Figure 4 is the comparison result of the entropy of the four algorithms on the DBLP data set. We set the number of clusters to z = 10, 30, 50, 70. Among the five comparison algorithms, the W-Cluster algorithm has the lowest entropy, and the average value remains at 0.3; it means that, in the clustering results obtained, the semantic dissimilarity of the nodes in the subgraph is very high, but in Figure 2, we can see that the density value of W-Cluster is also relatively low. Therefore, it can be judged that the structural dissimilarity between nodes is poor; that is, the connection between nodes is relatively distant. The entropy of the IGC-CSM algorithm is the highest. As the number of clusters increases, the entropy value of the CS-Cluster algorithm shows a downward trend. When the number of clusters is higher than 30, compared with SA-Cluster and CS-Cluster, in the clustering results obtained, the semantic dissimilarity between nodes is relatively high, and the accuracy of the classification results is relatively high.

Figures 5 and 6 show the influence of the balance factor λ on the density and entropy on the Political Blogs dataset when the number of clusters z is 15. It can be seen from Figure 5 that, with the increase of x, the density as a whole shows a trend of gradual increase first, then decrease, and then increase. The density value in the range of λ from 0.5 to 0.6 is almost unchanged.

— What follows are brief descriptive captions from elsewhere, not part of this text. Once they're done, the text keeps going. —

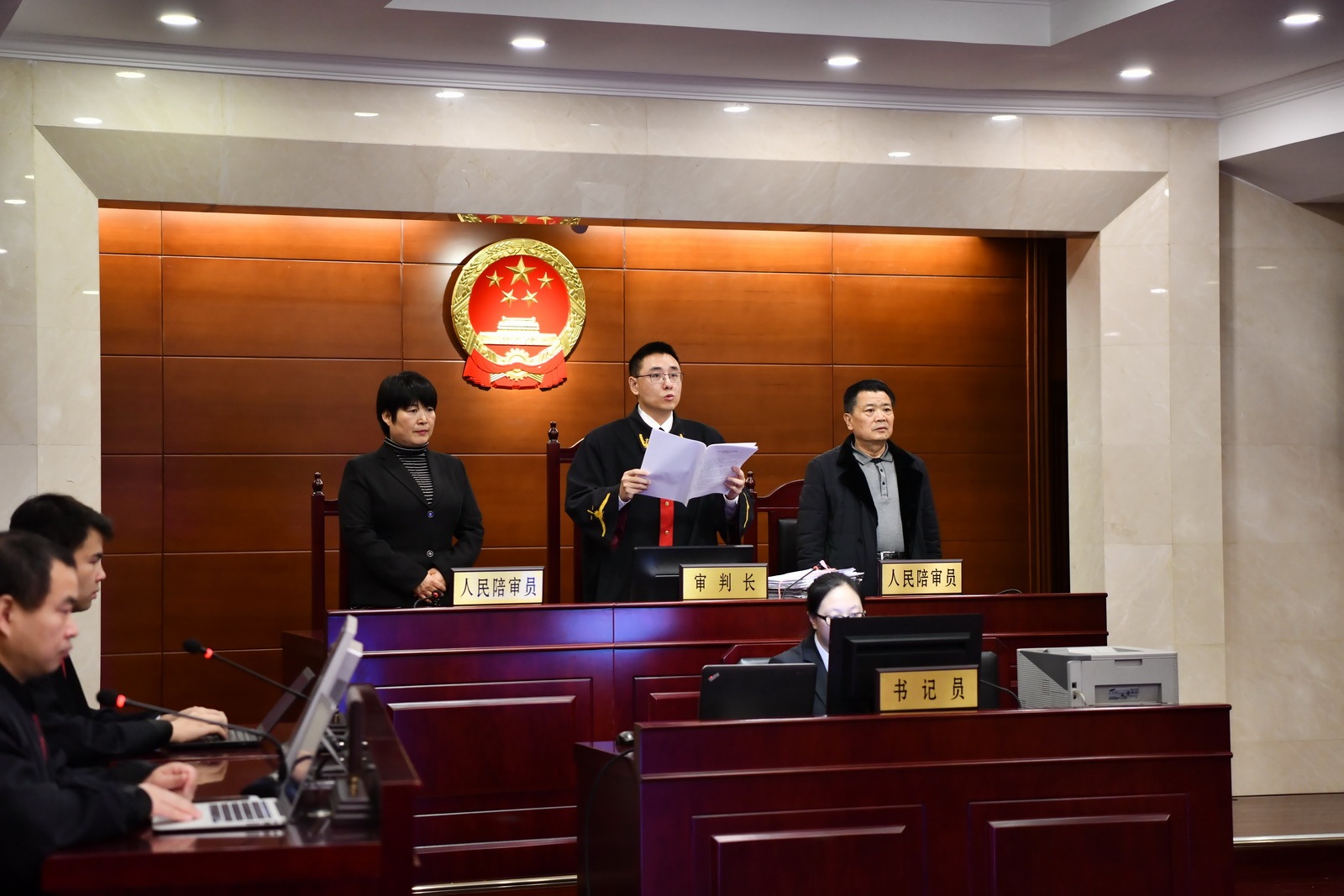 全国首例网络个人大病求助案一审宣判法院建议：健全规范加强自律完善资金监管使用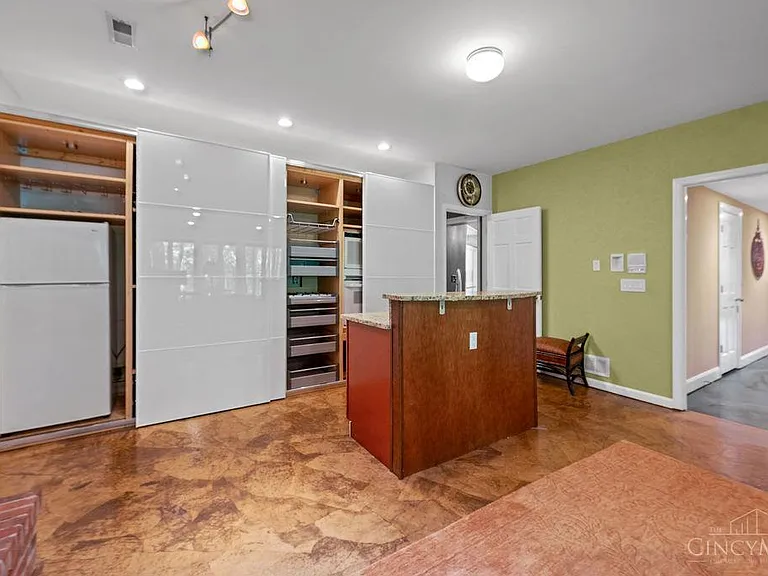 7883 Chestershire Dr — Photo 38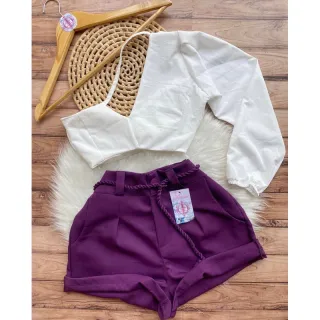 Tendência feminina: Short de alfaiataria com cordão - Verde Bandeira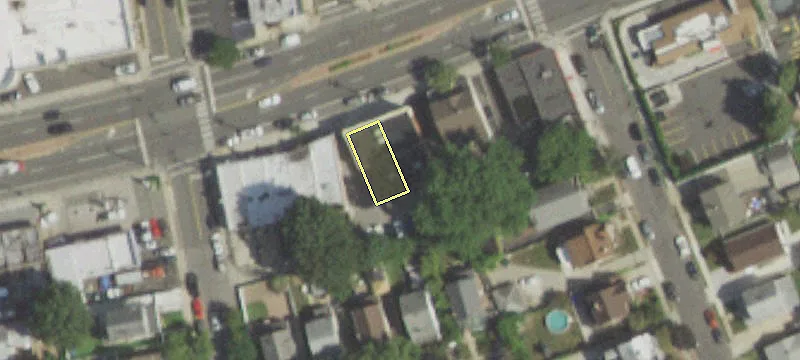 275 Hillside Ave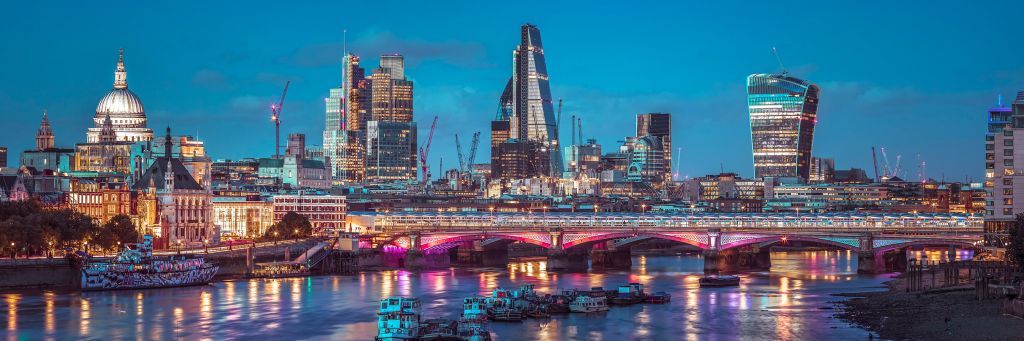 Blackfriars Bridge in Londen
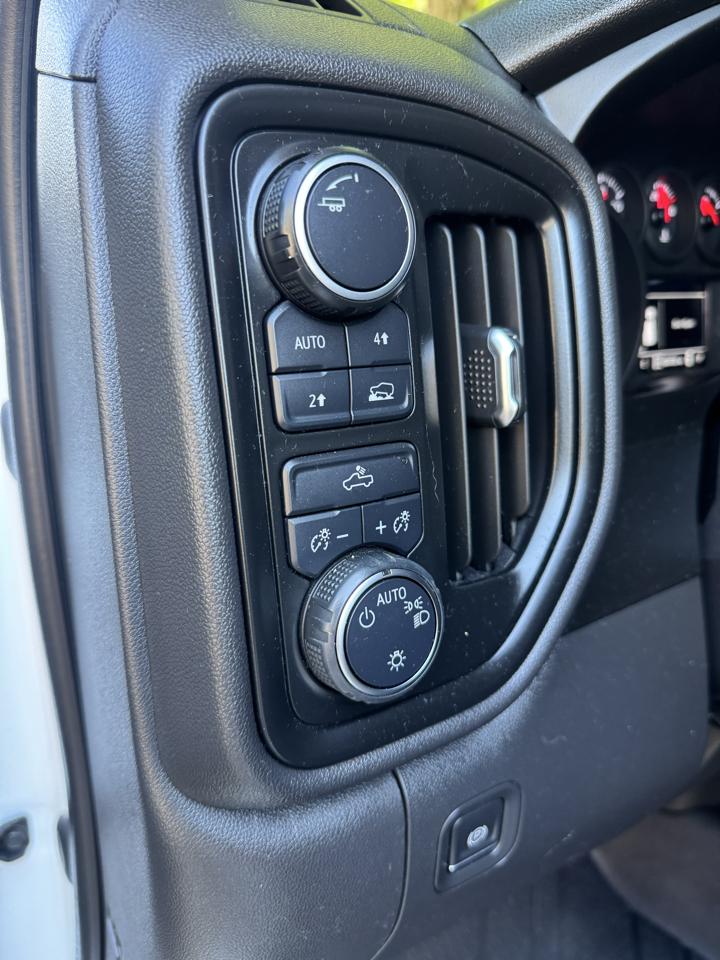 Chevrolet Silverado 1500 4WD Crew Cab 147" Custom 2019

It can be seen from Figure 6 that the entropy value slowly decreases during the process of the value of a from 0.5 to 0.6, so the value of λ is 0.6 is more appropriate.

5. Conclusion

This article first summarizes the conventional community clustering algorithm and believes that the structural characteristics and semantic information between nodes should be considered comprehensively in the clustering process. Based on this, this article proposes node proximity to complete the calculation of dissimilarity between nodes, introduces associations of the concepts of degree and matching degree, and completes the calculation of structural dissimilarity between nodes. Afterwards, the method of selecting the initial clustering center point was redefined. This method avoids the drawbacks caused by human judgment and improves the accuracy of clustering. Finally, the CS-Cluster algorithm uses the K-Medoids framework to achieve community division. In other algorithm ideas, the experimental comparison on two practical and effective data sets shows that the algorithm proposed in this paper has achieved good clustering results. Data mining and community detection in complex network are a very meaningful research topic. This paper conducts relevant research on the characteristics of nodes in the network and the community detection in the complex network. However, there are still many problems that need to be improved. In the community detection algorithm based on node proximity, this paper only studies the undirected weighted network graph and ignores the clustering of nodes in directed network graph. Secondly, how to effectively select semantic categories in the case of different semantic weight values is also not discussed in this study, which can be further discussed in the future.

Data Availability

The experimental data used to support the findings of this study are available from the corresponding author upon request.

Conflicts of Interest

The authors declared that they have no conflicts of interest regarding this work.